Judge Angel Kelley of the U.S. District Court for the District of Massachusetts sided with a coalition of park advocacy groups that sued the Interior Department and National Park Service in February. The groups argued the administration’s actions amounted to an attempt to “erase history and undermine science” at national parks nationwide.
In a 63-page order issued Friday, Kelley found that the government’s removal of interpretive displays “sets a dangerous precedent of censorship and sanitization” and undermines the “integrity” of the National Park system. She wrote that the government’s stewardship of park sites “carries a responsibility to present history in full rather than in favored fragments,” adding that the administration sought “to tell half-truths” by removing signs and exhibits that did not align with its preferred narrative.
The ruling directly challenges President Trump’s March 2024 executive order directing Interior Secretary Doug Burgum to eliminate any content that “inappropriately disparages Americans past or living” from public monuments, memorials, and statues. The lawsuit claimed that under this directive, officials identified and removed hundreds of signs, including exhibits on slavery at Philadelphia’s Independence National Historical Park and climate threat warnings at Fort Sumter in South Carolina, the site where the Civil War began.
Kelley’s order cited dozens of other examples where information about the environment, abolition, immigration, labor, women’s suffrage, and civil rights was stripped from park displays.
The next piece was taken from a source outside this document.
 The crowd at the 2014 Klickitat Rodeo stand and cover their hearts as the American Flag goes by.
She ordered the department to “take all necessary steps forthwith to restore and reinstall all interpretive materials” within 21 days, ahead of the nation’s 250th anniversary celebrations.
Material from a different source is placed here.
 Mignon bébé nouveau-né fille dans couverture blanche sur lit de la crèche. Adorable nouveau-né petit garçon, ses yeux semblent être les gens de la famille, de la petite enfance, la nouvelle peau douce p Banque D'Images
“Because Defendants deemed it important to strip the parks of these undeniable truths in anticipation of the 250th Anniversary of our great Nation, it is equally important that our shared history be honestly told and fully restored by the 250th Anniversary to properly honor the remarkable achievements of the United States,” Kelley wrote.
An Interior Department spokesperson responded by calling Kelley a “liberal activist judge” and said the department is weighing appeal options. The spokesperson’s statement also highlighted the administration’s plans to celebrate “UFC Freedom 250 on the South Lawn of the White House this weekend in honor of our nation’s 250th with the greatest president in the history of our country – President Donald J. Trump.” The White House UFC event has already drawn scrutiny over its cost, which exceeds $60 million, and raised ethics concerns.
Skye Perryman, president and CEO of Democracy Forward, the group representing the plaintiffs, praised the ruling. “We are grateful that once again, judicial intervention has halted the unlawful overreach of the reckless Trump-Vance administration,” Perryman said. “And we are grateful the court not only stopped further censorship, but recognized the need to restore the exhibits the administration already illegally removed.”
The case is part of a broader legal pushback against the administration’s efforts to control cultural narratives. In a related matter, a judge recently denied a bid by the Kennedy Center to delay the removal of Trump’s name from its building amid an appeal. Separately, a federal judge ruled she could not reinstate a Yosemite ranger fired over a trans flag display, and another judge dismissed a bid to halt the White House UFC event, citing lack of standing.